> _AIM OF THE TASK_: Output exactly the lines below, starting with the line that has "the lemon head" and going on through the line that has "Crystal-Floral Sheer-Bodice Long", both included, and no other lines.

> _GIVEN ENTRIES_:
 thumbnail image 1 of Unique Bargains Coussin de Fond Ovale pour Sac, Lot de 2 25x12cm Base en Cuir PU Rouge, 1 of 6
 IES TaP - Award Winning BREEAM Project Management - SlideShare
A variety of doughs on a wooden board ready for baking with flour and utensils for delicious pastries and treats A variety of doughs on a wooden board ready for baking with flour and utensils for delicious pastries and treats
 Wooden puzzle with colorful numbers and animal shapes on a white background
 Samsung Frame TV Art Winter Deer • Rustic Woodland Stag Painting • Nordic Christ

==

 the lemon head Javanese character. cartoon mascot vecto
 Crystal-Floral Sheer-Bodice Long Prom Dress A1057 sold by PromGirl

---

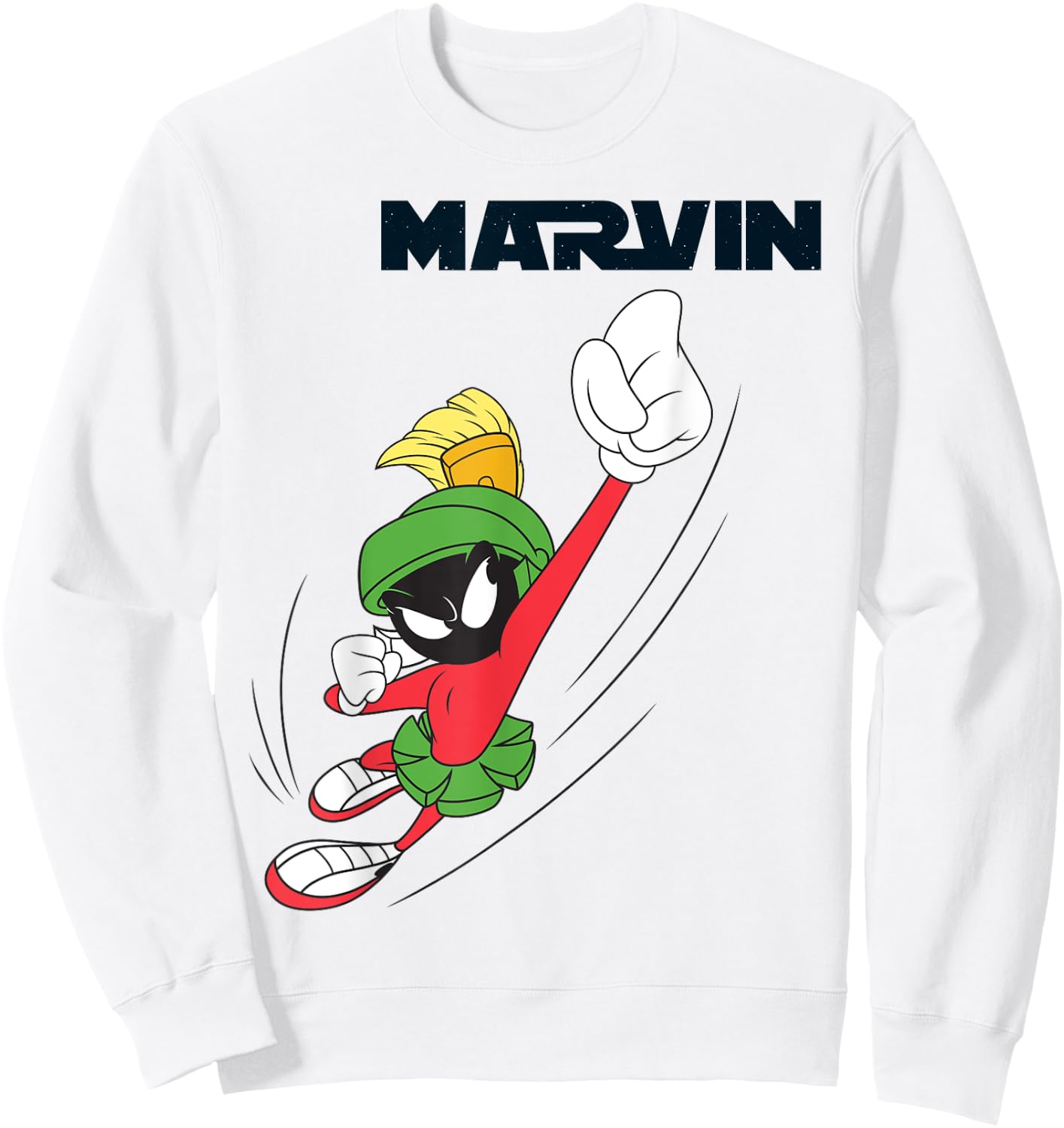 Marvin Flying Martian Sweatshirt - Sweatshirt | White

> _EXERCISE RESULT_:
 the lemon head Javanese character. cartoon mascot vecto
 Crystal-Floral Sheer-Bodice Long Prom Dress A1057 sold by PromGirl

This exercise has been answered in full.